Shalban Vihara - History and Facts | History Hit

Shalban Vihara

Comilla, Chittagong Division, Bangladesh

Shalban Vihara is one of the most important Buddhist sites found amongst the Mainimati ruins in Bangladesh.

Peta Stamper

13 Apr 2021
Image Credit: Shutterstock

About Shalban Vihara

Shalban Vihara is one of the most important Buddhist sites found amongst the Mainimati ruins in Bangladesh. It is believed that Mainimati was an important Buddhist centre between the 7th and 12th centuries.

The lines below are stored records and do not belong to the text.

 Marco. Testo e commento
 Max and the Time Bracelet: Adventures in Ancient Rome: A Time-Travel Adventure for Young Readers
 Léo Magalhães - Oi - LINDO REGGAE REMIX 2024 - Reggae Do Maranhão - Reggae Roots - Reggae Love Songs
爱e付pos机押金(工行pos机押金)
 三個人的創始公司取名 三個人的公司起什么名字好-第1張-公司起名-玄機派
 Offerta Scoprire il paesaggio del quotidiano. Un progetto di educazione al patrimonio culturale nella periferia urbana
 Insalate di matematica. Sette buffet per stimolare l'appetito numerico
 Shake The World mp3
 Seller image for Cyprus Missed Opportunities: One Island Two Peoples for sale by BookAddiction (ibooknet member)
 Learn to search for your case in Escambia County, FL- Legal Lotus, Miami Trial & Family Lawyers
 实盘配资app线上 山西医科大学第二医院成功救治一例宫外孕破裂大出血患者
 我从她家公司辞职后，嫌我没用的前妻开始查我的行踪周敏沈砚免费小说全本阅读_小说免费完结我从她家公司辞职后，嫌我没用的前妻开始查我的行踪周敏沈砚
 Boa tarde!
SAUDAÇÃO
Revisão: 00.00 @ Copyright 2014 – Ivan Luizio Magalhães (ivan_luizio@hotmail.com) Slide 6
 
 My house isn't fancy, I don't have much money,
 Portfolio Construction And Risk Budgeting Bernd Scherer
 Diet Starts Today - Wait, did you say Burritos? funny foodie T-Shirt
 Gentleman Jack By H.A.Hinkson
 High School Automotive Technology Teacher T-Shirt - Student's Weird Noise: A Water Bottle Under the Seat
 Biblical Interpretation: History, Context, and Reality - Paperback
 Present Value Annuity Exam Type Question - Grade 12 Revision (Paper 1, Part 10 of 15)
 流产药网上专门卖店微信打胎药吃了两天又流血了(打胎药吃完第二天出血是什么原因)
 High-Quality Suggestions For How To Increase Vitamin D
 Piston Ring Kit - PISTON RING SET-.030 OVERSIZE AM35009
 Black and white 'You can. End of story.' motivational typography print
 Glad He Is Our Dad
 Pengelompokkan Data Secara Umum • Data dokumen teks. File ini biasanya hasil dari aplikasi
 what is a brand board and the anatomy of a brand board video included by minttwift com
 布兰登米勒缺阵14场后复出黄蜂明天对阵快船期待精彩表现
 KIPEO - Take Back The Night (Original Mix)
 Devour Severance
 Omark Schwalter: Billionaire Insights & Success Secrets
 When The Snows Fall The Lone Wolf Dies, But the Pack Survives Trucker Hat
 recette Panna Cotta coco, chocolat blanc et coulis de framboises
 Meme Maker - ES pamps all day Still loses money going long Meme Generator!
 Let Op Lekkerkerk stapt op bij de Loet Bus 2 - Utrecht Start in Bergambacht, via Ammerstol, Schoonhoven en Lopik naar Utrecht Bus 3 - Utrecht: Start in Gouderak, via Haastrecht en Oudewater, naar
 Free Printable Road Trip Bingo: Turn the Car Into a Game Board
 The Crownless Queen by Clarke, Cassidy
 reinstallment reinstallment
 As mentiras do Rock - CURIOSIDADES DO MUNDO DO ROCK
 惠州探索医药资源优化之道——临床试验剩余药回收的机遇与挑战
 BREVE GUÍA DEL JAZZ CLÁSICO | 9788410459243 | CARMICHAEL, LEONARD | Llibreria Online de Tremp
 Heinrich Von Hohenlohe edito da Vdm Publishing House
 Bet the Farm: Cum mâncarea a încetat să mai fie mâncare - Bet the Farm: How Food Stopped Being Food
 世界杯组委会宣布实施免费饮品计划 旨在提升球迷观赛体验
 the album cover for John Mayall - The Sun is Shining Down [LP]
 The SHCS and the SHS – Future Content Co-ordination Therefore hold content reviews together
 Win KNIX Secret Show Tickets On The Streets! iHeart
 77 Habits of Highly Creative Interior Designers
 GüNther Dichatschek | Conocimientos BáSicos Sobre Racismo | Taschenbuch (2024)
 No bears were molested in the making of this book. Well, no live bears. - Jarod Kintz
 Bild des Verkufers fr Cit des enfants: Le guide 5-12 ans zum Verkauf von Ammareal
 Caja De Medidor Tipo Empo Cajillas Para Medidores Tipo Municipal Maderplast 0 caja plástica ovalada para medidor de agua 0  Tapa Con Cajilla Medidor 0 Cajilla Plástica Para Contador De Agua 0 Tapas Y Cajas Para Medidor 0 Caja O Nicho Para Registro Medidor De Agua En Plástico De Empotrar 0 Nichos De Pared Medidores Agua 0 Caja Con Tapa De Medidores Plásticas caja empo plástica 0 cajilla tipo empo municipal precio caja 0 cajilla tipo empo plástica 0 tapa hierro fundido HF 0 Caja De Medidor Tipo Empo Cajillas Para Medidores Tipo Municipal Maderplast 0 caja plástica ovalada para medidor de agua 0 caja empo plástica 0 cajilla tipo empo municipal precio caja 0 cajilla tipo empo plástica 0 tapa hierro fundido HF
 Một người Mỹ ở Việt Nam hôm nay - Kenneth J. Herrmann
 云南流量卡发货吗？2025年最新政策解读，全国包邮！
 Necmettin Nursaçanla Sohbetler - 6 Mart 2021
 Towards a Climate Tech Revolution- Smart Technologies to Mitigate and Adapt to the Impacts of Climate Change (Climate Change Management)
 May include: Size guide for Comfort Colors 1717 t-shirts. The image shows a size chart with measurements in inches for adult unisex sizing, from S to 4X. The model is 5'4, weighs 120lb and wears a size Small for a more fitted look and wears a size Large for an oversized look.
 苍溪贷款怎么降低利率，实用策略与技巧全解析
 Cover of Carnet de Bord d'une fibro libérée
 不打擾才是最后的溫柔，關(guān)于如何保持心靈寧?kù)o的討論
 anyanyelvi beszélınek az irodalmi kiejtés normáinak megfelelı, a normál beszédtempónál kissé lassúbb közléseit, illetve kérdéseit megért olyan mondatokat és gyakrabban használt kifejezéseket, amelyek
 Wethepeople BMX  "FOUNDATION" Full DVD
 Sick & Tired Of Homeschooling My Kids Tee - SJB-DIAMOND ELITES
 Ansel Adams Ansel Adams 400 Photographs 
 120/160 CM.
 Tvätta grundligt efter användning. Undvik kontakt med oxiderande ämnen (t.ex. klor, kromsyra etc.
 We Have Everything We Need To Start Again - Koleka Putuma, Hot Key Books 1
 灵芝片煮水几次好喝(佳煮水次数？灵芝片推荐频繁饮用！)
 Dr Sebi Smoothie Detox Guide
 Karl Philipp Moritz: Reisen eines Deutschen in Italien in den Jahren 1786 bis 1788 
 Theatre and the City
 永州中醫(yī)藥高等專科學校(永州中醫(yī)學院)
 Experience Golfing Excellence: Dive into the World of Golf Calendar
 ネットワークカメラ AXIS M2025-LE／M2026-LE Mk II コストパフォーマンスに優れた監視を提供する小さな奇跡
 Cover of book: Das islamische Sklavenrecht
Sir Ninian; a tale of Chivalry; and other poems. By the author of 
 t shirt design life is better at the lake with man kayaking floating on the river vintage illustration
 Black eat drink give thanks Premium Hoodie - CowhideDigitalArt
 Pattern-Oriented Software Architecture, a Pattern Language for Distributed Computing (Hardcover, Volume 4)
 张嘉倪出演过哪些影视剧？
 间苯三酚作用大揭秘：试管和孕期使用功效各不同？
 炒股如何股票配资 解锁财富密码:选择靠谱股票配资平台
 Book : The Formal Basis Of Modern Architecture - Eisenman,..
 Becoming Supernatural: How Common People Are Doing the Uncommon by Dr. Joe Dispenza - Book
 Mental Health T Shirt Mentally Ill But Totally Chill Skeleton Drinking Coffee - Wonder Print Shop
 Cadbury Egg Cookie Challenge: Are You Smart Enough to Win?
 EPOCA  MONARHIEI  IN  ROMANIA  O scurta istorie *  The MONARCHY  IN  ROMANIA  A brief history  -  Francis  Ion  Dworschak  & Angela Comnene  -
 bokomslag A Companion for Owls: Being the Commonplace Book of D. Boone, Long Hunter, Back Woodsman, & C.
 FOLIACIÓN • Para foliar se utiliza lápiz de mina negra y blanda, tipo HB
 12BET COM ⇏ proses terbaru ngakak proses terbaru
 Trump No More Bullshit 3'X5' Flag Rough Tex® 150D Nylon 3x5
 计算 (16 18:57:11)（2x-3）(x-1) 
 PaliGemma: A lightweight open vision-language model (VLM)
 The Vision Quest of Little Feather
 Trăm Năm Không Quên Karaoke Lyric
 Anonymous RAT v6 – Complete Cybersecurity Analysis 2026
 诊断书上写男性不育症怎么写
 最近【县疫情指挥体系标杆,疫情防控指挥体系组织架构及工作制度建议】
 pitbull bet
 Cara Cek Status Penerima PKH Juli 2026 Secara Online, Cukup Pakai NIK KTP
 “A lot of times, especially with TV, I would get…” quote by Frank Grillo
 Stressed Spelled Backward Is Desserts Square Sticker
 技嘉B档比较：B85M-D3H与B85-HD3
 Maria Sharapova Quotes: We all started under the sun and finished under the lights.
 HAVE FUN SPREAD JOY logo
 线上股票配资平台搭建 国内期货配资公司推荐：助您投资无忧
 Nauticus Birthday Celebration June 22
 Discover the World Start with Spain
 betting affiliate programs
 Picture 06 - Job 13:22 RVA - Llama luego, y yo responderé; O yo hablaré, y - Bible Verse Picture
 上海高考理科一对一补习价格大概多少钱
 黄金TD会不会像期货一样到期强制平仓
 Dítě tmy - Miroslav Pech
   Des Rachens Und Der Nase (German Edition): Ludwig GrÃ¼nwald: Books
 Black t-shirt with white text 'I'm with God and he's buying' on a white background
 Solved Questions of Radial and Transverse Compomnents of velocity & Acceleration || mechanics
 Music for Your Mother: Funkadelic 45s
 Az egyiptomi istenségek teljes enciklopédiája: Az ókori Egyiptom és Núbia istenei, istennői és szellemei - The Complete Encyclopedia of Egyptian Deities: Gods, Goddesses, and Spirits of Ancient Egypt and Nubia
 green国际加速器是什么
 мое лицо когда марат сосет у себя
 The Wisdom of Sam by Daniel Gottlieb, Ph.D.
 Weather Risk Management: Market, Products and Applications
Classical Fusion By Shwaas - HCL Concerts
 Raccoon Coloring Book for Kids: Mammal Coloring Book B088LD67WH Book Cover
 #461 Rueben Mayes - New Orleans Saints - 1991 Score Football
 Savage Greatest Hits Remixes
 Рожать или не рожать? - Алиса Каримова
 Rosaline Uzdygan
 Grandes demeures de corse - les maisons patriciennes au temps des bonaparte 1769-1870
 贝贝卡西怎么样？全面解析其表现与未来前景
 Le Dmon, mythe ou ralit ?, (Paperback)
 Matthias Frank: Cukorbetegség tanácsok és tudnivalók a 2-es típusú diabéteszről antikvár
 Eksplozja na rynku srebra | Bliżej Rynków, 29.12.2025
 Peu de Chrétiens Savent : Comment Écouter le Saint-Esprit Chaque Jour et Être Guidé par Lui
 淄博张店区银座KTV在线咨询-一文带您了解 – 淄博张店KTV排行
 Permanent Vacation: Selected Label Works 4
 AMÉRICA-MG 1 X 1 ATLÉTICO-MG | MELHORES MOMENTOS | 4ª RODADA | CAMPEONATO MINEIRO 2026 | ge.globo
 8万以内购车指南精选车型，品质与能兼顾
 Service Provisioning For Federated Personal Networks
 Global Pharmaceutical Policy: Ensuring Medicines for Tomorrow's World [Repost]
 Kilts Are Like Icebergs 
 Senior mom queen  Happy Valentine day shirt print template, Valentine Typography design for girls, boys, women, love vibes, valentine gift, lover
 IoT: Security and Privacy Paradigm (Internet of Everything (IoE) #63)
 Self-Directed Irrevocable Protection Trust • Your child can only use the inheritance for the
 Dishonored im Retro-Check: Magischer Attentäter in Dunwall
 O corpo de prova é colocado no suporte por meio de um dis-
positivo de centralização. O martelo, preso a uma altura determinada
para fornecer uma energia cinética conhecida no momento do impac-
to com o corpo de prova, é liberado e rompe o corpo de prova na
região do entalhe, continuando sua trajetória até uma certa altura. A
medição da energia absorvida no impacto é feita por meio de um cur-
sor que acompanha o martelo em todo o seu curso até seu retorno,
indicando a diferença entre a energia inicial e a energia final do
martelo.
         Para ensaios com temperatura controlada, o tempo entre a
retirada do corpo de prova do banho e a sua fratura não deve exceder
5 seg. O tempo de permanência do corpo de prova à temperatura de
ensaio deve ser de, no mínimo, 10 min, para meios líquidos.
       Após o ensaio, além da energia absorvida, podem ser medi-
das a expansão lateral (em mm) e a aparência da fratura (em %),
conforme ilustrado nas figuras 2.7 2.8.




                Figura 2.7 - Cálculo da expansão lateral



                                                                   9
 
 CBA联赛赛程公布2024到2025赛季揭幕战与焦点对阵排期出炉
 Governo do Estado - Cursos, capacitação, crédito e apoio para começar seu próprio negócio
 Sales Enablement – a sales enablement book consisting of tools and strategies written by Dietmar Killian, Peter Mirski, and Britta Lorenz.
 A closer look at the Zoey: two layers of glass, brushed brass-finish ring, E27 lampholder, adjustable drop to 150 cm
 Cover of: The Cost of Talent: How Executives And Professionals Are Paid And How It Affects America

A large monastery built under the Deva dynasty in the 8th century, these flame-coloured remains would once have housed 115 monks. Salban Vihara offers an interesting glimpse into the former grandeur of Mainimati.

Shalban Vihara history

Shalban Vihara was built during the first half of the 8th century under the reign of King Bhava Deva, the fourth ruler of the early Deva dynasty, a Hindu dynasty in eastern Bengal. The 168 square metre building was constructed to house early Buddhist students and was named for the king who commissioned it, Bhava Deva Mahavihara. The monastery was built on the outskirts of Devaparvata, the Samatata (eastern Bengal) capital, and was constructed around a large courtyard with a temple in the centre.

Students came from various places to meditate and have religious teaching. During their study the students would stay in the dormitory or cells surrounding the temple. The monastery walls were heavily embellished with terracotta plaques and ornamental bricks.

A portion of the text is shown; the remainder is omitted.